▶ **Directions for this task**
In the records below, find the line with "Common Myna - ML622128989" and the line with "camel_beauty_rajasthan". Print both exactly, along with every line between them, and no other line.

━━━ Recorded data ━━━

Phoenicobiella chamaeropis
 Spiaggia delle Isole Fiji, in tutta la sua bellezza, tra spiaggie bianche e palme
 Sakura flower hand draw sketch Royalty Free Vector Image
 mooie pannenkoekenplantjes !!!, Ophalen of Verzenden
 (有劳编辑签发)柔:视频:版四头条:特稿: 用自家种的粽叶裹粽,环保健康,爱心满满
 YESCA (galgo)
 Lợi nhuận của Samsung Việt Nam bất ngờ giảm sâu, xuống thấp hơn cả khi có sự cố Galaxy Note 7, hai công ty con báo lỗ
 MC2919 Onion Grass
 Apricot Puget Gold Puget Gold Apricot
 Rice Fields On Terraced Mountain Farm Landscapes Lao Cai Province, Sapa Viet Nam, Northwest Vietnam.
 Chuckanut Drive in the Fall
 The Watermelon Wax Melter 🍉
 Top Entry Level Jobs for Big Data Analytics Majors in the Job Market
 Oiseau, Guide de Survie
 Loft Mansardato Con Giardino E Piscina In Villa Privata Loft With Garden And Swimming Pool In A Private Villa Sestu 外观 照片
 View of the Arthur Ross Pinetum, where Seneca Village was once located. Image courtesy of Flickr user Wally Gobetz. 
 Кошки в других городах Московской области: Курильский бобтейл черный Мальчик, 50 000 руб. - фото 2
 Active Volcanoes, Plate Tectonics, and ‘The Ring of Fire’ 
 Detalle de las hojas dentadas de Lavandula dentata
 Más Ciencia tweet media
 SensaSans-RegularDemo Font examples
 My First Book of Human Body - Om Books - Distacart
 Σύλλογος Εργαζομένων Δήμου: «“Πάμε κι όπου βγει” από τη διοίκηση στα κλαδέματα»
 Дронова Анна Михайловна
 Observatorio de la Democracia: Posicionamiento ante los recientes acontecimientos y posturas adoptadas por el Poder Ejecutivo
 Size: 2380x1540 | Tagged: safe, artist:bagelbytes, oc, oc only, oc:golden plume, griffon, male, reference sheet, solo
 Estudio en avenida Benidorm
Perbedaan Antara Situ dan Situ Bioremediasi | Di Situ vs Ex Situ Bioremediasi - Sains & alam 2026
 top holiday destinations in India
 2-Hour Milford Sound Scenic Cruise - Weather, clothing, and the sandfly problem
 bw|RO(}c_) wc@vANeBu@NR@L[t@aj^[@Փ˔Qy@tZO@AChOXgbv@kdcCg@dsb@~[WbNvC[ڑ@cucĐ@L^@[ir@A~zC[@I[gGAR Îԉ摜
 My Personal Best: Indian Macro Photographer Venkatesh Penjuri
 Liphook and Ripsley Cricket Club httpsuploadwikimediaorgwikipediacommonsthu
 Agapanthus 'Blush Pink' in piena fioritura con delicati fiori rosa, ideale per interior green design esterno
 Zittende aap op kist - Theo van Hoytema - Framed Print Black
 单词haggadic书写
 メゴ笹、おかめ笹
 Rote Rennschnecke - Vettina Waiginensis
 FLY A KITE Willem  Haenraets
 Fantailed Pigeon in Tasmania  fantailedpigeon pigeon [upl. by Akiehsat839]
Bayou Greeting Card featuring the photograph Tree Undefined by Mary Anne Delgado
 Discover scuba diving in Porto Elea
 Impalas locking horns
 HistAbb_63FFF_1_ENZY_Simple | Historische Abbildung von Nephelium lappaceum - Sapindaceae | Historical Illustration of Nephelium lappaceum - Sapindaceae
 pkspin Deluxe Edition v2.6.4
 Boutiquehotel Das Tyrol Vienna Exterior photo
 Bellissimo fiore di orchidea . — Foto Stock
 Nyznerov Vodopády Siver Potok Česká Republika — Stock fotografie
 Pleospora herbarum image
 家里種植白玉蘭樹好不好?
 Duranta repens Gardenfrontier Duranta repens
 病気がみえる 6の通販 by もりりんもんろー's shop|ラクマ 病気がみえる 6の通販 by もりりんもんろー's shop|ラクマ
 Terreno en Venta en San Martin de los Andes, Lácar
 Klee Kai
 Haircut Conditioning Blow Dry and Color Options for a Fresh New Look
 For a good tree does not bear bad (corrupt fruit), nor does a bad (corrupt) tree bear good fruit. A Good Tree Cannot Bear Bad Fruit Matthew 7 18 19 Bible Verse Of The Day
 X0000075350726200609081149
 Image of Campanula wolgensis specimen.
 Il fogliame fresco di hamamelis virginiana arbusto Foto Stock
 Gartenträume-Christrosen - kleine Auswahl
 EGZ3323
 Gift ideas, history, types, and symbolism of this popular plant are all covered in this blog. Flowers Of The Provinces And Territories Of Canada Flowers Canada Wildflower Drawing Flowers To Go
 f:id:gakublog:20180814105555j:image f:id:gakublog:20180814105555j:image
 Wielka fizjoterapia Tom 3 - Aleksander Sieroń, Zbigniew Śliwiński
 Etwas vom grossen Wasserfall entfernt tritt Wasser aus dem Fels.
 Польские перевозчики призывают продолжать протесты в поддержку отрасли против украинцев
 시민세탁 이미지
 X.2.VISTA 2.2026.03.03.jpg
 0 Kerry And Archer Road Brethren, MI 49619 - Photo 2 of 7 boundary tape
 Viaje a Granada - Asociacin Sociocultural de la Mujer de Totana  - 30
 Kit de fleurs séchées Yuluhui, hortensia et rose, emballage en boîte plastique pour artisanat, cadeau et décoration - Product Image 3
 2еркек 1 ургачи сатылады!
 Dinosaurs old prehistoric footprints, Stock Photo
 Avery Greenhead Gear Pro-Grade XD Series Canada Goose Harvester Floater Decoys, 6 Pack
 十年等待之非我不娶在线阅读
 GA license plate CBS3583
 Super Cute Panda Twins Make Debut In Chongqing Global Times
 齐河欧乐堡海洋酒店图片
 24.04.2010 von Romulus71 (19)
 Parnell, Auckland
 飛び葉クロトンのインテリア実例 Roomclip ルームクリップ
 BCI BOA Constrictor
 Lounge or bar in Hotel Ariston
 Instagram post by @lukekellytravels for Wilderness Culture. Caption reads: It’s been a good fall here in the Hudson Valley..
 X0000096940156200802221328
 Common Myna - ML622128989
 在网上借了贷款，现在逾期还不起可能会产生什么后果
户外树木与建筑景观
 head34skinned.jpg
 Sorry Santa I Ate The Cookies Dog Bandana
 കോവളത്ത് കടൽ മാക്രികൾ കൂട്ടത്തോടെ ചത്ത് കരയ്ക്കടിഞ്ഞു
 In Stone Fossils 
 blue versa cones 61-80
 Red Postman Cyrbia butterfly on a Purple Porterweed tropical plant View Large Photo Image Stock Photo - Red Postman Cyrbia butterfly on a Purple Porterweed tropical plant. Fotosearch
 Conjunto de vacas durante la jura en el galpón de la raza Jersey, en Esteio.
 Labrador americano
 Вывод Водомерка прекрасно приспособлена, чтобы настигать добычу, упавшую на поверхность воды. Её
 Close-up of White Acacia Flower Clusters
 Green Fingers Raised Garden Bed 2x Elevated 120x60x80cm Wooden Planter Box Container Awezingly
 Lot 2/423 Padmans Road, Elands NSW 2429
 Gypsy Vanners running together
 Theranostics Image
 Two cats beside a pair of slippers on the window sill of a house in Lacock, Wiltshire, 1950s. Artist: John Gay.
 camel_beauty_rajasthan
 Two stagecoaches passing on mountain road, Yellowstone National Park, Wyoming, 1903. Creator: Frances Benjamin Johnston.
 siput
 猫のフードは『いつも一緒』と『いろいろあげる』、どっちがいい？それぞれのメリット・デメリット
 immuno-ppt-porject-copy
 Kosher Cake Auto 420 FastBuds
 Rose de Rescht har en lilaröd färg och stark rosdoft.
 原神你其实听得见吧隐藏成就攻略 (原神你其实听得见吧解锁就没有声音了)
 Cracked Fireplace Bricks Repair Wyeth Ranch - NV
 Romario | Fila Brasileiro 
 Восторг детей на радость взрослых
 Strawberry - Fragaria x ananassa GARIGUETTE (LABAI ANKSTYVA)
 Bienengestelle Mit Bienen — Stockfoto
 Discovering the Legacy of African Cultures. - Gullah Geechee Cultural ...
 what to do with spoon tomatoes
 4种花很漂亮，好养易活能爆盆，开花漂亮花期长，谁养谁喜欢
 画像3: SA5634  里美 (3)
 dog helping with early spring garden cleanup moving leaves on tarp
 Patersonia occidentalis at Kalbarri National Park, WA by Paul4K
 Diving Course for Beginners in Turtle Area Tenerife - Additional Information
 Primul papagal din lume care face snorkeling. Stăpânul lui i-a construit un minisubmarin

━━━

▶ **Answer to this exercise**
 Common Myna - ML622128989
 在网上借了贷款，现在逾期还不起可能会产生什么后果
户外树木与建筑景观
 head34skinned.jpg
 Sorry Santa I Ate The Cookies Dog Bandana
 കോവളത്ത് കടൽ മാക്രികൾ കൂട്ടത്തോടെ ചത്ത് കരയ്ക്കടിഞ്ഞു
 In Stone Fossils 
 blue versa cones 61-80
 Red Postman Cyrbia butterfly on a Purple Porterweed tropical plant View Large Photo Image Stock Photo - Red Postman Cyrbia butterfly on a Purple Porterweed tropical plant. Fotosearch
 Conjunto de vacas durante la jura en el galpón de la raza Jersey, en Esteio.
 Labrador americano
 Вывод Водомерка прекрасно приспособлена, чтобы настигать добычу, упавшую на поверхность воды. Её
 Close-up of White Acacia Flower Clusters
 Green Fingers Raised Garden Bed 2x Elevated 120x60x80cm Wooden Planter Box Container Awezingly
 Lot 2/423 Padmans Road, Elands NSW 2429
 Gypsy Vanners running together
 Theranostics Image
 Two cats beside a pair of slippers on the window sill of a house in Lacock, Wiltshire, 1950s. Artist: John Gay.
 camel_beauty_rajasthan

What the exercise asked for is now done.